══ Supplied data ══

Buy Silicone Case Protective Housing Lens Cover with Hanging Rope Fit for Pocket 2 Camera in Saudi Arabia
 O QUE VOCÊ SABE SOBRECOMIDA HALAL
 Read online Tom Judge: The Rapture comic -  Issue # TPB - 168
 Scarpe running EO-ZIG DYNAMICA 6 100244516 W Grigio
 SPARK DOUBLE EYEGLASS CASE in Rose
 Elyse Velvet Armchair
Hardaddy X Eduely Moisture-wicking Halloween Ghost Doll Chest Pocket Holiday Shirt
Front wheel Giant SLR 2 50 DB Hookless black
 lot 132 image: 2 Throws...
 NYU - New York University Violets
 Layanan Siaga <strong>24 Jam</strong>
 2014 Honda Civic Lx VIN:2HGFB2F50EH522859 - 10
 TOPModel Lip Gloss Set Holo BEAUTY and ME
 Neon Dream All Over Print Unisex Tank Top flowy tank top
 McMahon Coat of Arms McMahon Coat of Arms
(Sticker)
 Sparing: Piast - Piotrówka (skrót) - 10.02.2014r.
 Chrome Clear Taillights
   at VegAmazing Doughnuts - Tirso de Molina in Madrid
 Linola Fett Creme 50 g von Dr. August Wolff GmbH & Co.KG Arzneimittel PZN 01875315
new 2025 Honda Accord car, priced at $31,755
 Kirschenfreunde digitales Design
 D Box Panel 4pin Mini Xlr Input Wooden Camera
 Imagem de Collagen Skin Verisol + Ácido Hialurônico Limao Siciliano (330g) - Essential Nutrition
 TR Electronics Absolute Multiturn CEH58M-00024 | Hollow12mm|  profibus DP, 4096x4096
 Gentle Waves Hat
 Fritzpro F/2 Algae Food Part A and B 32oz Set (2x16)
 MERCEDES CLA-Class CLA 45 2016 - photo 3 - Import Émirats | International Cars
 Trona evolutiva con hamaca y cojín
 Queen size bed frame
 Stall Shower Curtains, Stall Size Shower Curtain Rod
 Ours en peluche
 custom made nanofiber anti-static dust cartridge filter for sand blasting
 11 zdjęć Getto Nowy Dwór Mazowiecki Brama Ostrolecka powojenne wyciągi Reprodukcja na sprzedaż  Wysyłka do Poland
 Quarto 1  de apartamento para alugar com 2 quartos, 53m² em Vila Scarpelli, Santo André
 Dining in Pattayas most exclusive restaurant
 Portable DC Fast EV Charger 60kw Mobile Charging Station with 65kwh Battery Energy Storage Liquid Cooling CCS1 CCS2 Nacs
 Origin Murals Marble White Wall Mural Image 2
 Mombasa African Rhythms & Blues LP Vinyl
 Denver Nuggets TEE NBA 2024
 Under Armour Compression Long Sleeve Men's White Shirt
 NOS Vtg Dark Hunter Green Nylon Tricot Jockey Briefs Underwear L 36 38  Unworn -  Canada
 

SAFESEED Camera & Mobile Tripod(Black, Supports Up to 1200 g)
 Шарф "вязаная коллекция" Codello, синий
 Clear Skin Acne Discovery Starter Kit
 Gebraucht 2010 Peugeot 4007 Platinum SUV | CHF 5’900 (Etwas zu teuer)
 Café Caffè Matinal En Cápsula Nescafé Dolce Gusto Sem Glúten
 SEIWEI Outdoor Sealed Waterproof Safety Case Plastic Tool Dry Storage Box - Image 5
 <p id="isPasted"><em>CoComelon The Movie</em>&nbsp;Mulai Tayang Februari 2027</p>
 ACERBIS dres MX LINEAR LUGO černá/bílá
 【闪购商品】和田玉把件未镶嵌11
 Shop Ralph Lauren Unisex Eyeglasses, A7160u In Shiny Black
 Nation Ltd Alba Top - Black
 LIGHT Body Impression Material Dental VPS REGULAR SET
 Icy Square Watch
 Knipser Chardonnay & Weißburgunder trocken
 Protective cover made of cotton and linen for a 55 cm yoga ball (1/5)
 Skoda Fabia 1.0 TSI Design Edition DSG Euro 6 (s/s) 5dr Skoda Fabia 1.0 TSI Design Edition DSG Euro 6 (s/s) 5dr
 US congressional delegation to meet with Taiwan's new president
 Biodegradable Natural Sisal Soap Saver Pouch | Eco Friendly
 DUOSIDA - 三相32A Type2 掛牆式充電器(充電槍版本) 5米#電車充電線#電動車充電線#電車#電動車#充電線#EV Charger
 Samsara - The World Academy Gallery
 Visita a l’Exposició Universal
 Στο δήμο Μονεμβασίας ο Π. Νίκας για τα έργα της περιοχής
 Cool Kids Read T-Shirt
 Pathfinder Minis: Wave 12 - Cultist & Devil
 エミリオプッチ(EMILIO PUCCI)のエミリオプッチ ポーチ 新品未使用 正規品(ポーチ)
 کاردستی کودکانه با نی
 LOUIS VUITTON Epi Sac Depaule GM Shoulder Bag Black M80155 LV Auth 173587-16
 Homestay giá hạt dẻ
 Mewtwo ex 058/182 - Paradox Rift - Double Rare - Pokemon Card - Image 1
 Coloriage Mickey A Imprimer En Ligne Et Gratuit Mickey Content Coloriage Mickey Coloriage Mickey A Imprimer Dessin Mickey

═══

# Work instructions
An exact copy of the lines above, from the one containing "SPARK DOUBLE EYEGLASS CASE in Rose" through the one containing "at VegAmazing Doughnuts", is the whole of the answer.

# Answer below
 SPARK DOUBLE EYEGLASS CASE in Rose
 Elyse Velvet Armchair
Hardaddy X Eduely Moisture-wicking Halloween Ghost Doll Chest Pocket Holiday Shirt
Front wheel Giant SLR 2 50 DB Hookless black
 lot 132 image: 2 Throws...
 NYU - New York University Violets
 Layanan Siaga <strong>24 Jam</strong>
 2014 Honda Civic Lx VIN:2HGFB2F50EH522859 - 10
 TOPModel Lip Gloss Set Holo BEAUTY and ME
 Neon Dream All Over Print Unisex Tank Top flowy tank top
 McMahon Coat of Arms McMahon Coat of Arms
(Sticker)
 Sparing: Piast - Piotrówka (skrót) - 10.02.2014r.
 Chrome Clear Taillights
   at VegAmazing Doughnuts - Tirso de Molina in Madrid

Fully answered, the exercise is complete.